Required action —
What is needed is every line from the one holding "35 Hiszpania, Duplex" to the last line of the data below, printed exactly and without pictures.

- - - -

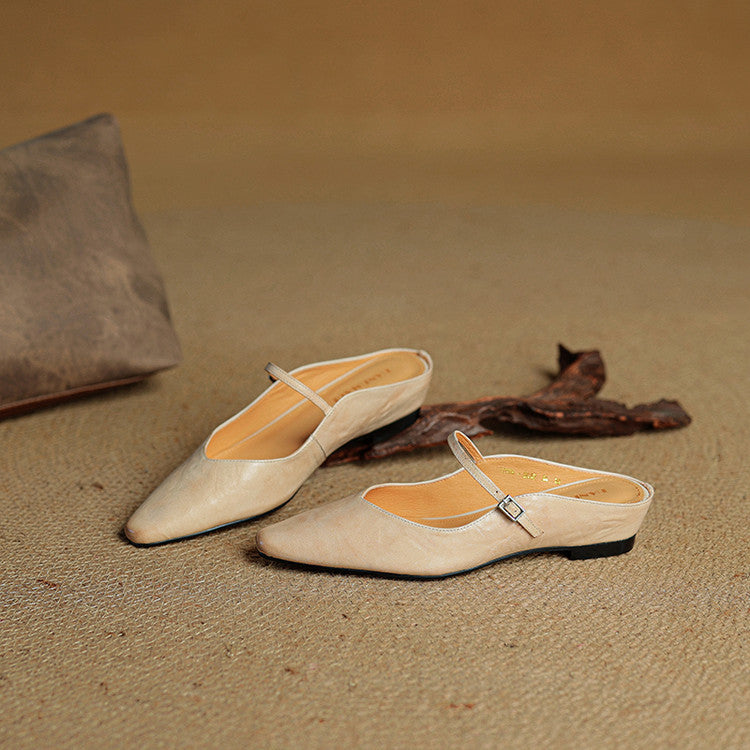 Elegante schwarze Damenschuhe, leichte Slipper für sommerlichen Komfort & Style.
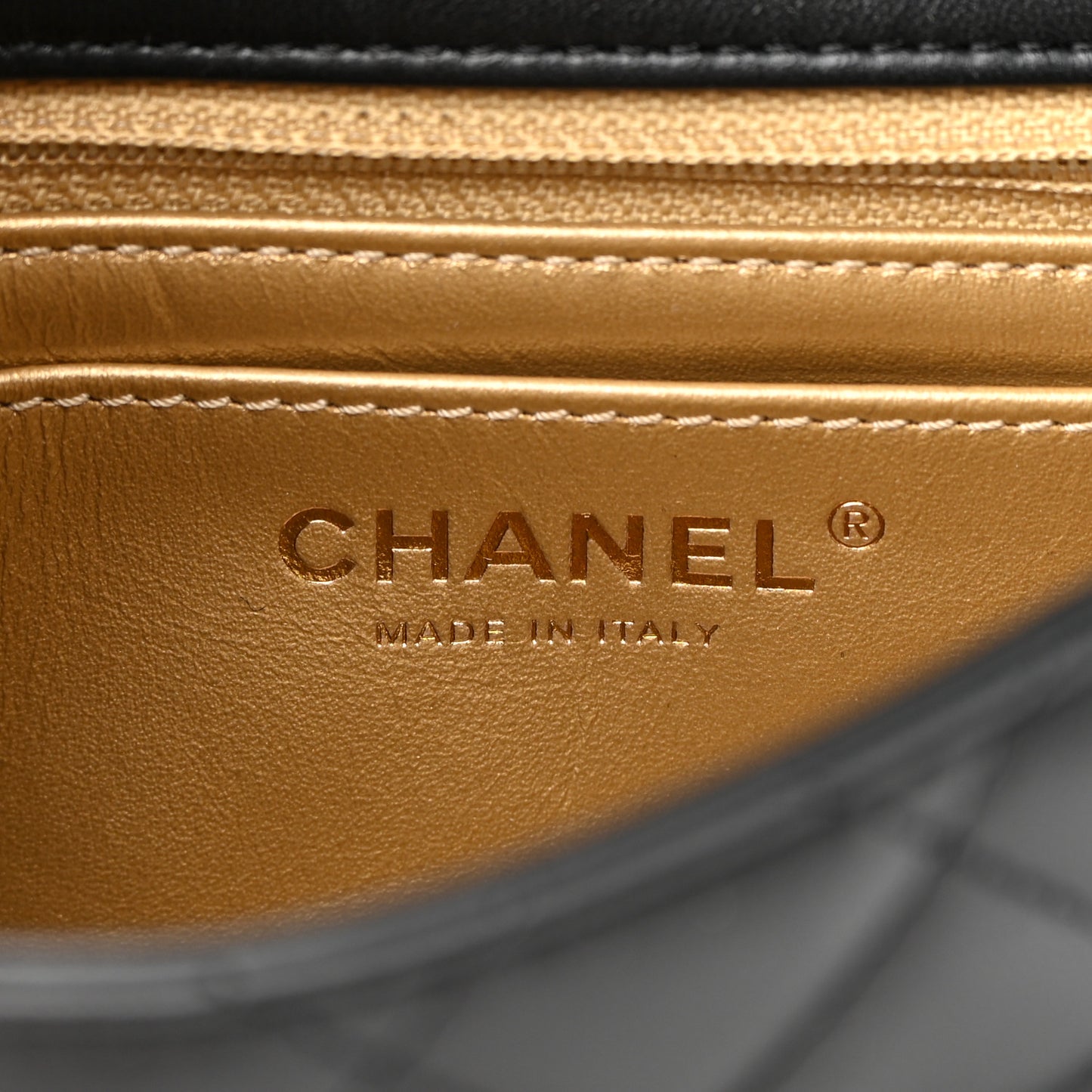 Lambskin Quilted Mini Pearl Crush Flap Black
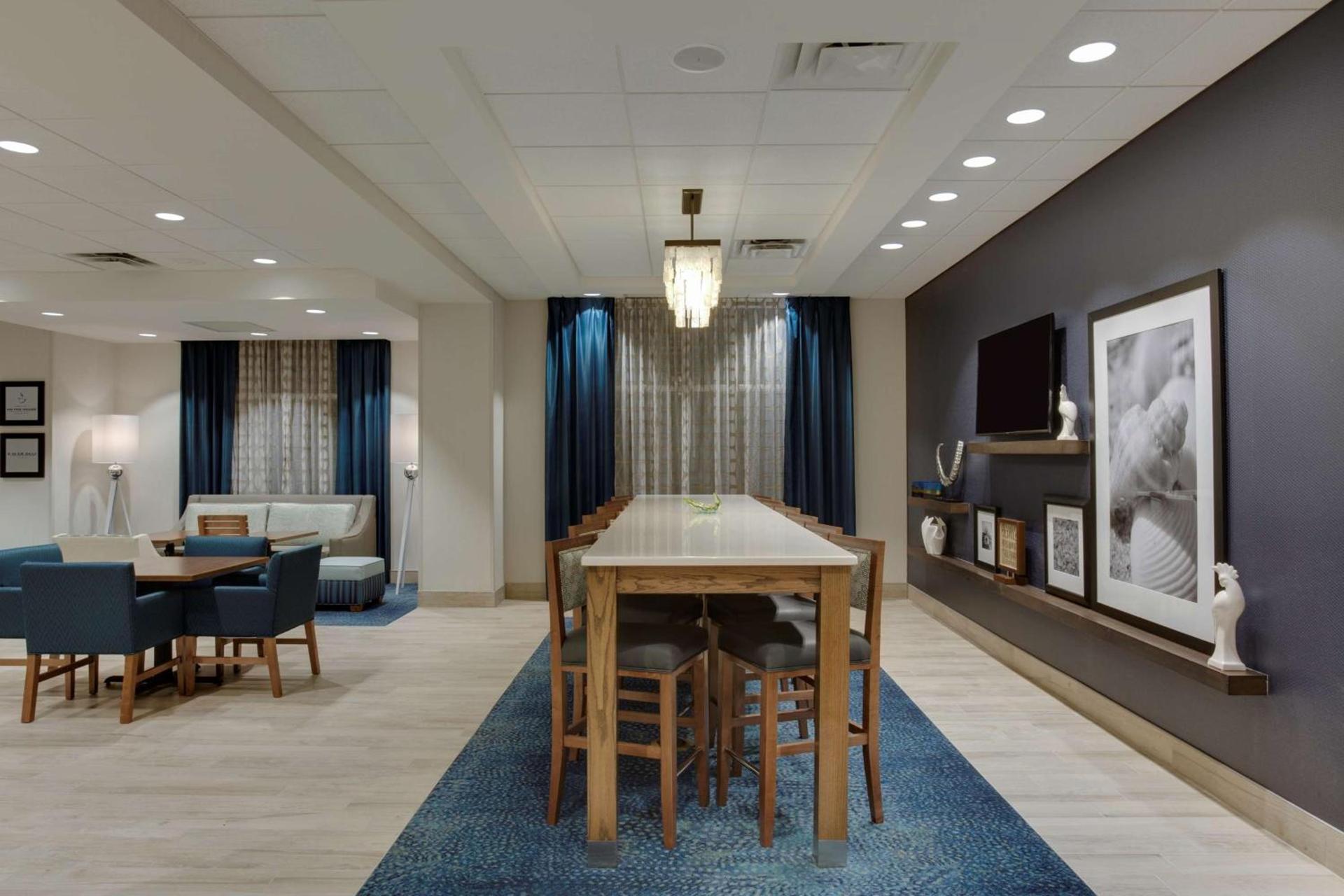 Hampton Inn Fort Lauderdale Pompano Beach photo 11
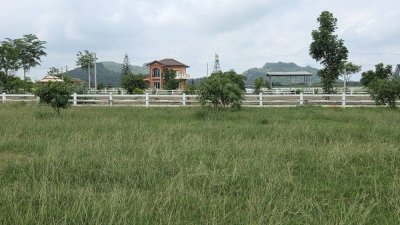 ที่ดินพร้อมสาธารณูปโภค ใกล้โครงการพระราชดำริเขาชะงุ้ม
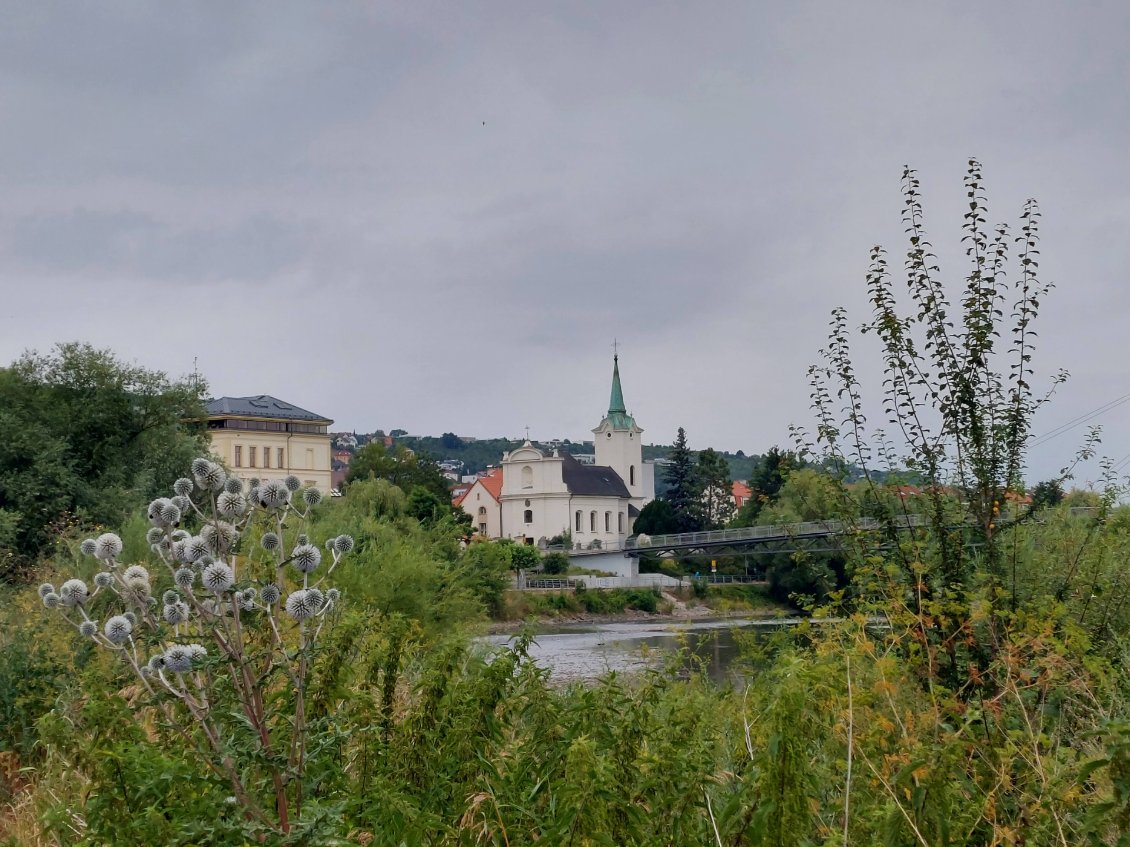 Le long de la rivière Belounka.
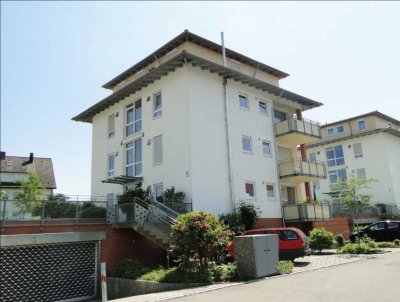 Exklusive, gepflegte 3-Zimmer-Penthouse-Wohnung mit Balkon und EBK in Friedrichshafen-Kluftern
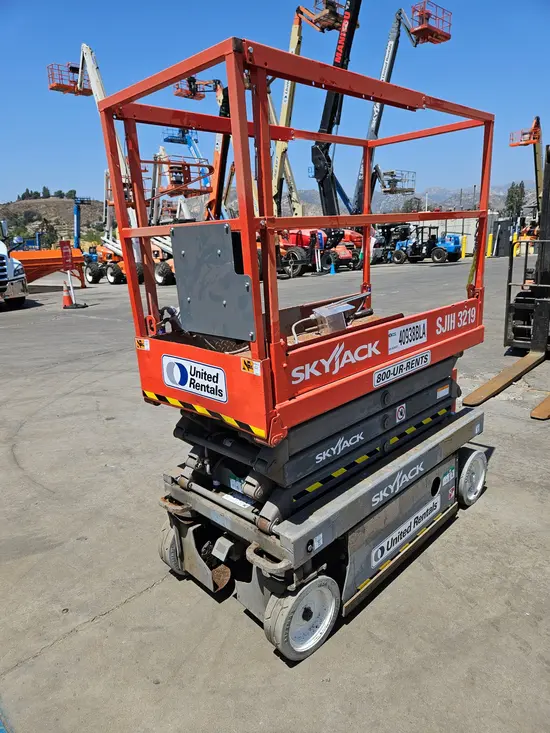 2017 Skyjack SJIII3219 Scissor Lift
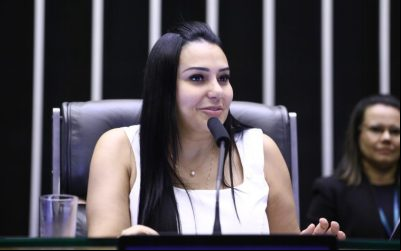 Projeto obriga plataformas digitais a alertar sobre riscos de vício em conteúdo adulto
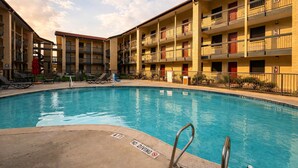 Unclassified image, 5 of 52, button - Red Roof Inn & Suites Houston - Hobby Airport (Houston)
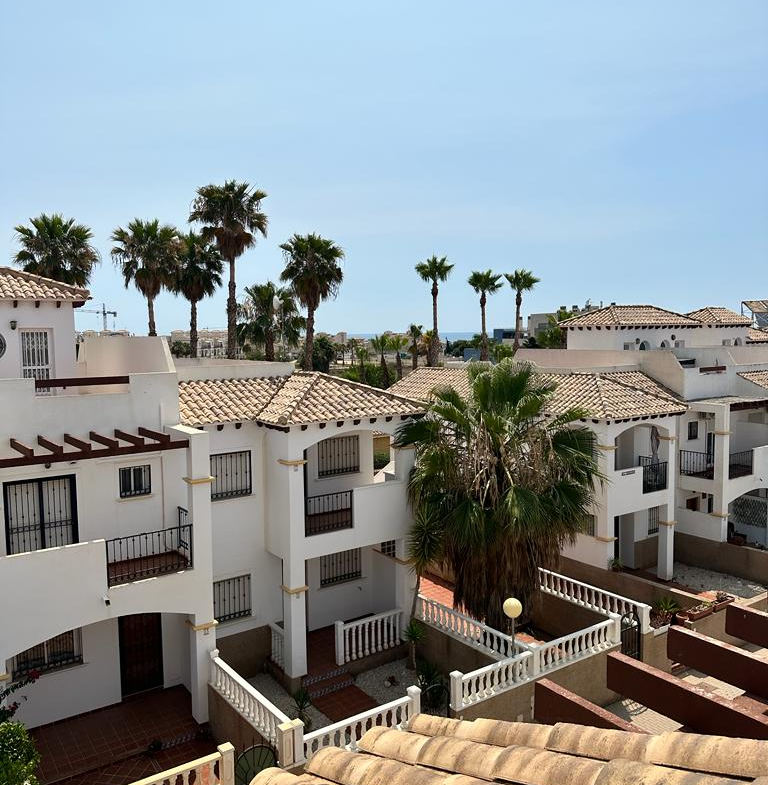 35 Hiszpania, Duplex na zamkniętym osiedlu z basenem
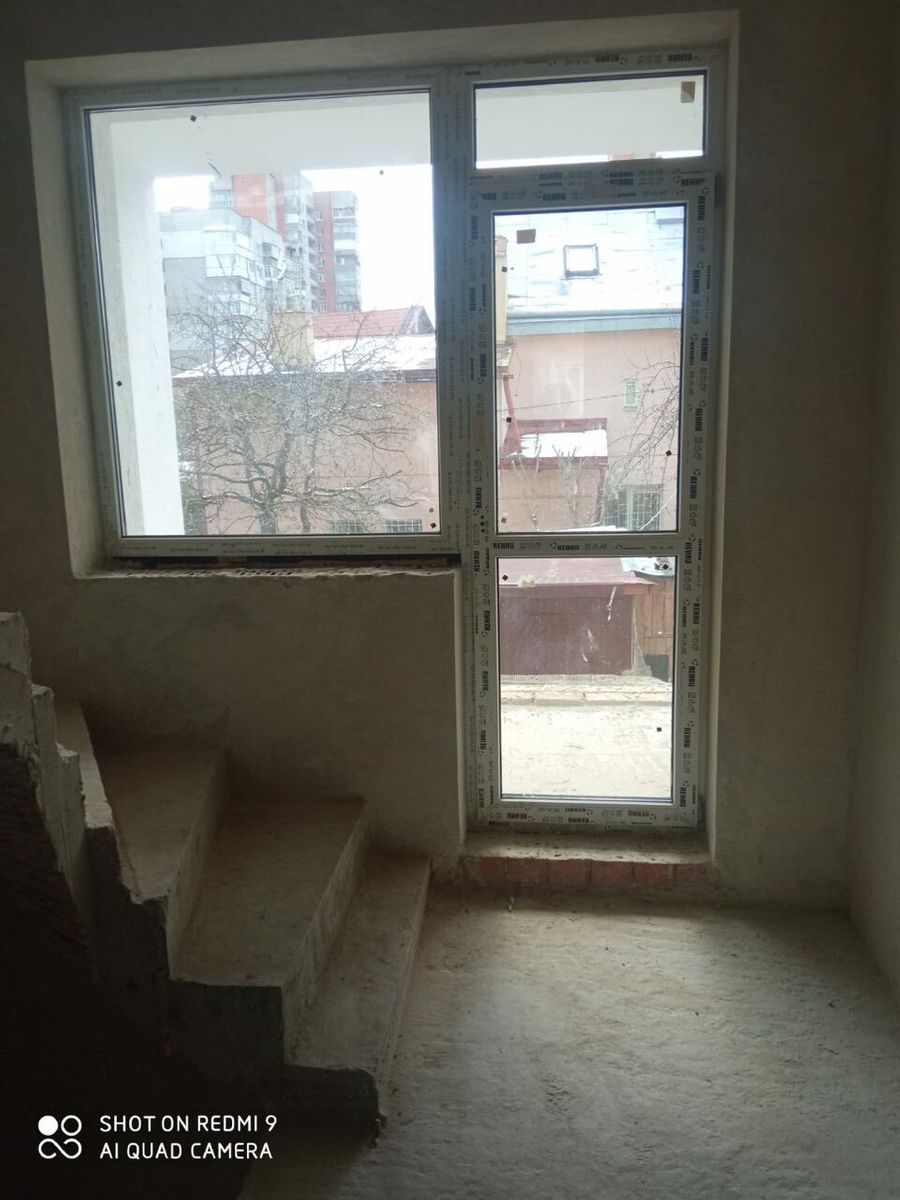 1831457326758131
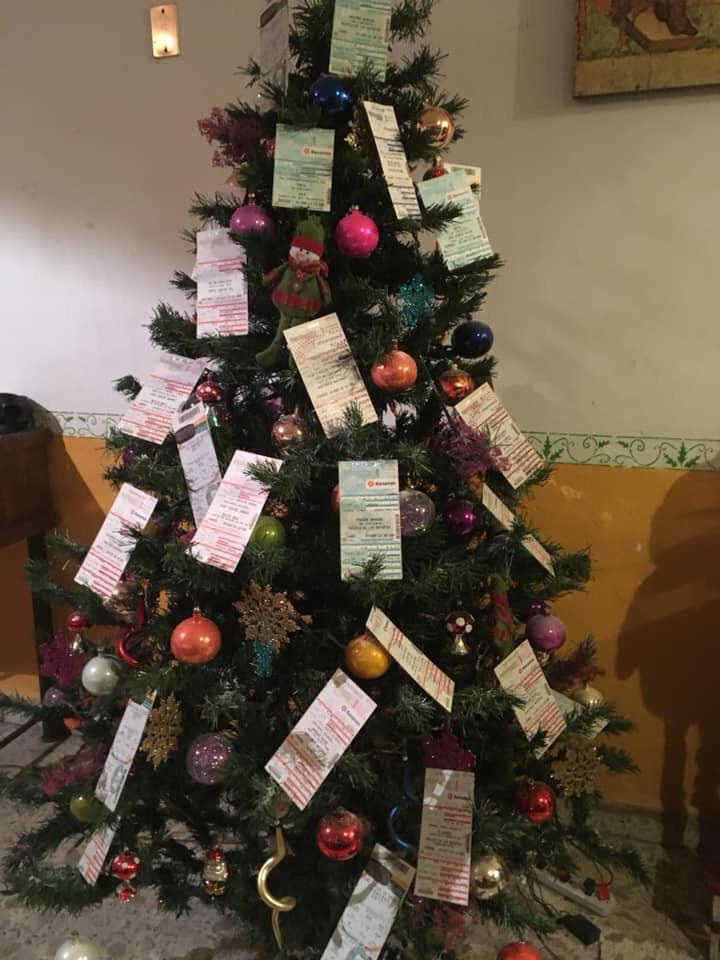 lucky_starfire's tweet photo. Rt a este árbol de la suerte para que vayas a todos los conciertos de tu ídolo en el 2019 🌟🎄 https://t.co/LBFLBSscsg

- - - -

Written reply —
 35 Hiszpania, Duplex na zamkniętym osiedlu z basenem
 1831457326758131
 lucky_starfire's tweet photo. Rt a este árbol de la suerte para que vayas a todos los conciertos de tu ídolo en el 2019 🌟🎄 https://t.co/LBFLBSscsg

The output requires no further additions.